Segment Start: Source data

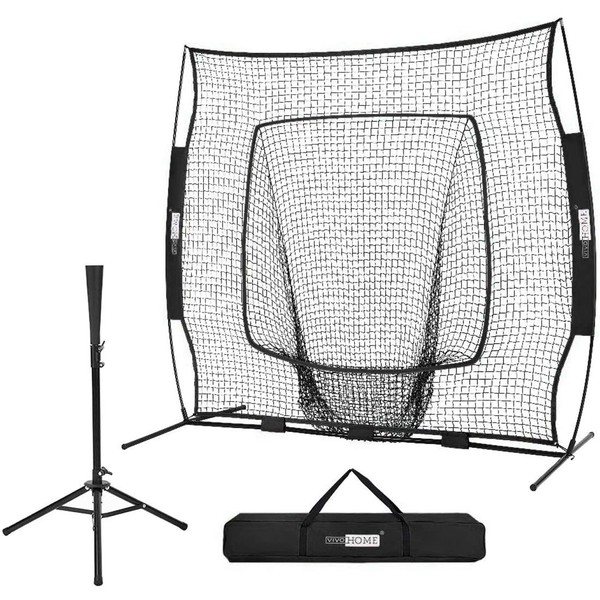 VIVOHOME 7 x 7 Feet Baseball Backstop Softball Practice Net with Strike Zone Target Tee and Carry Bag for Batting Hitting and Pitching Black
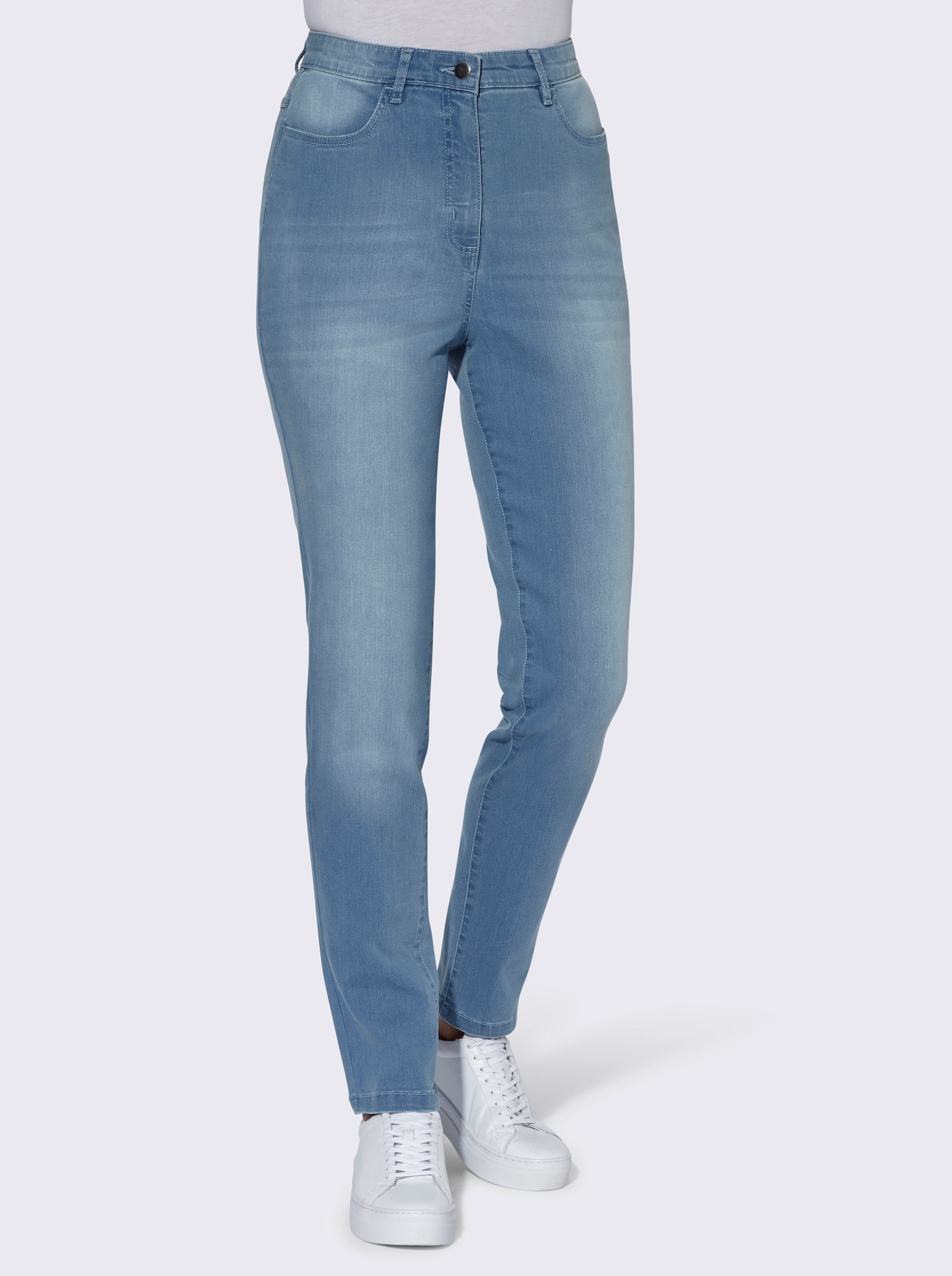 High-waist-Jeans in Karottenform - blue-bleached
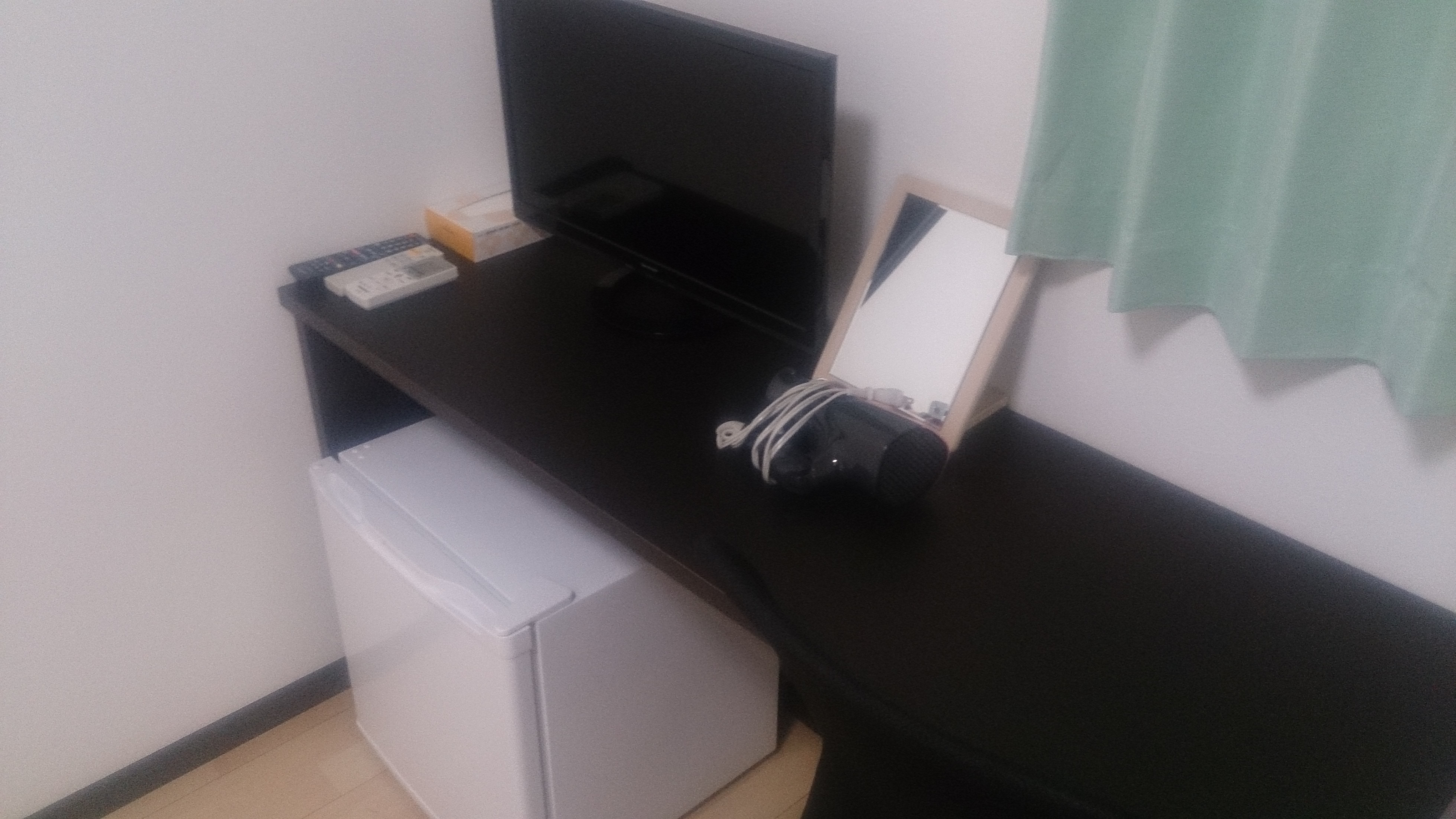 Television, mirror, refrigerator, hair dryer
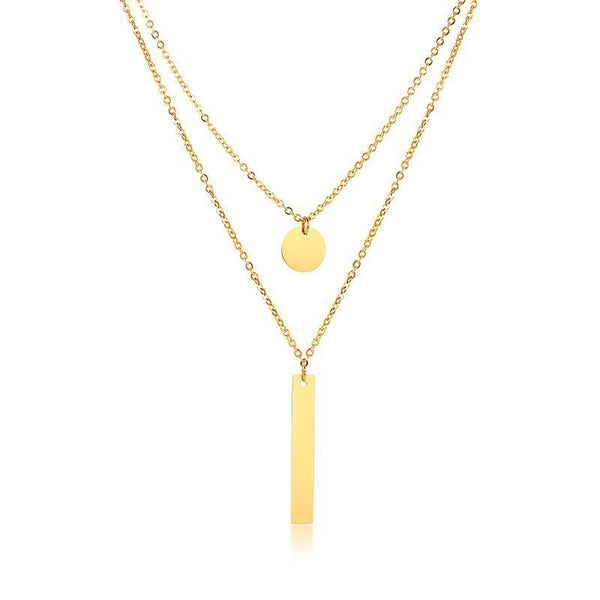 Stainless Steel Gold Bar Necklace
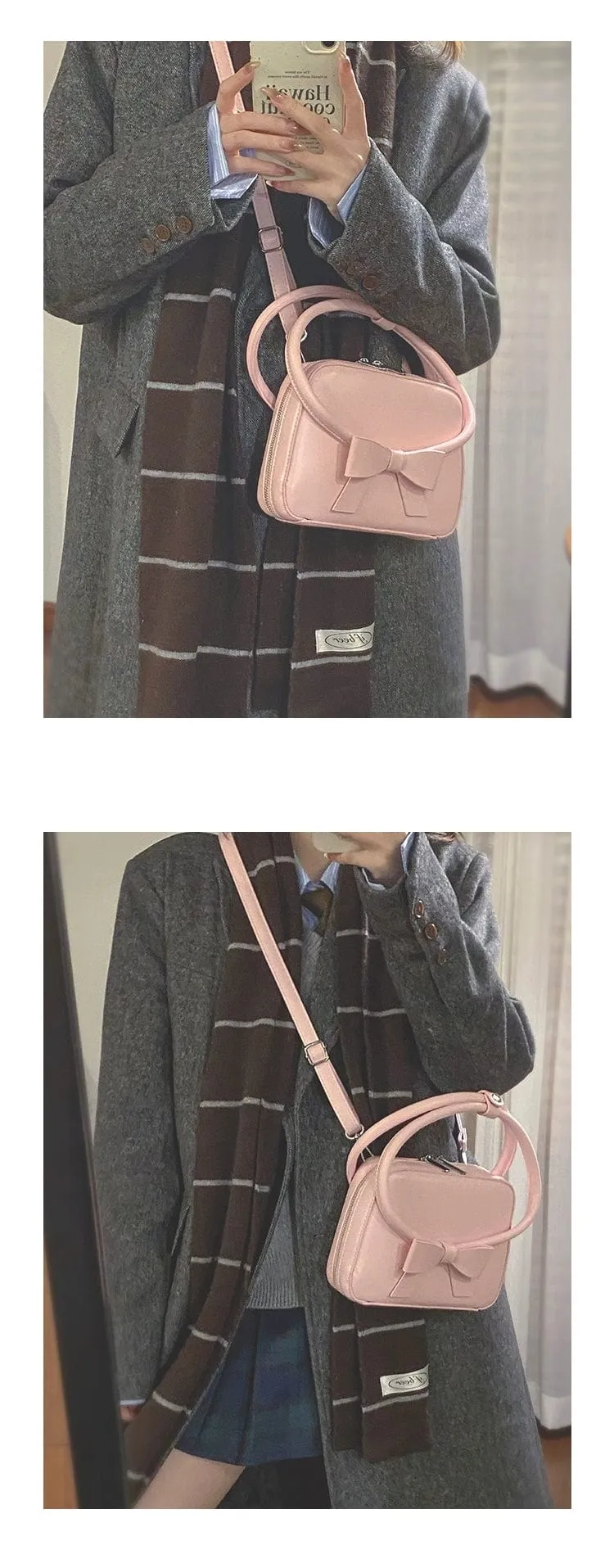 Chic Shoulder Crossbody Bowknot Leather Bag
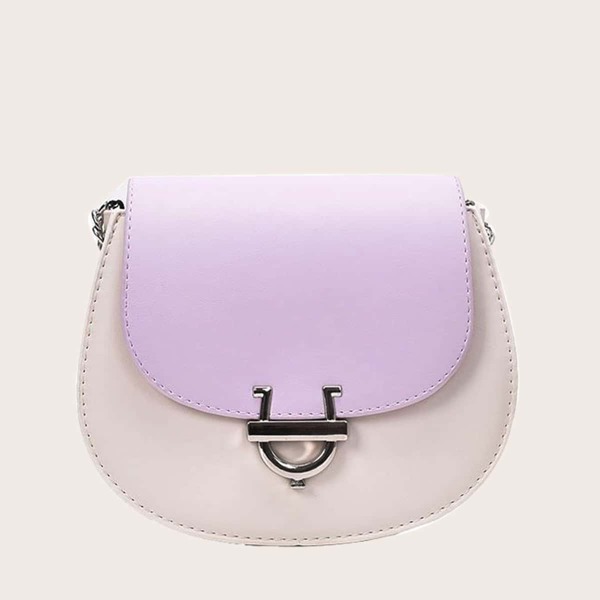 

Colorblock Flap Saddle Bag, Purple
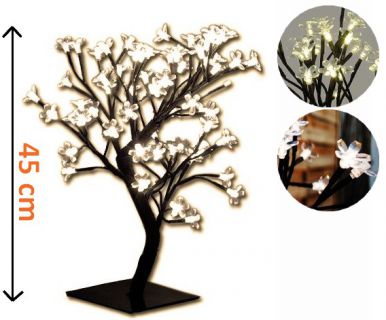 Pom decorativ cu flori LED , alb cald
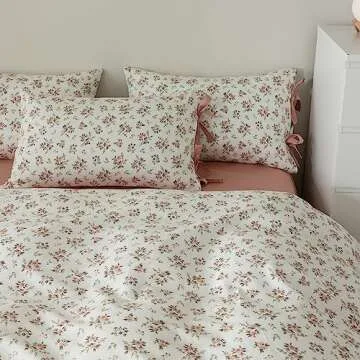 Pink Floral Duvet Cover Set Twin - Elegant Country Bedding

Segment End: Source data

» **Exercise aim**
Reproduce word for word the lines from the line holding "Stainless Steel Gold Bar Necklace" through the last line of the material above, inclusive, and keep pictures out of it.

» **Reply to the task**
 Stainless Steel Gold Bar Necklace
 Chic Shoulder Crossbody Bowknot Leather Bag

Colorblock Flap Saddle Bag, Purple
 Pom decorativ cu flori LED , alb cald
 Pink Floral Duvet Cover Set Twin - Elegant Country Bedding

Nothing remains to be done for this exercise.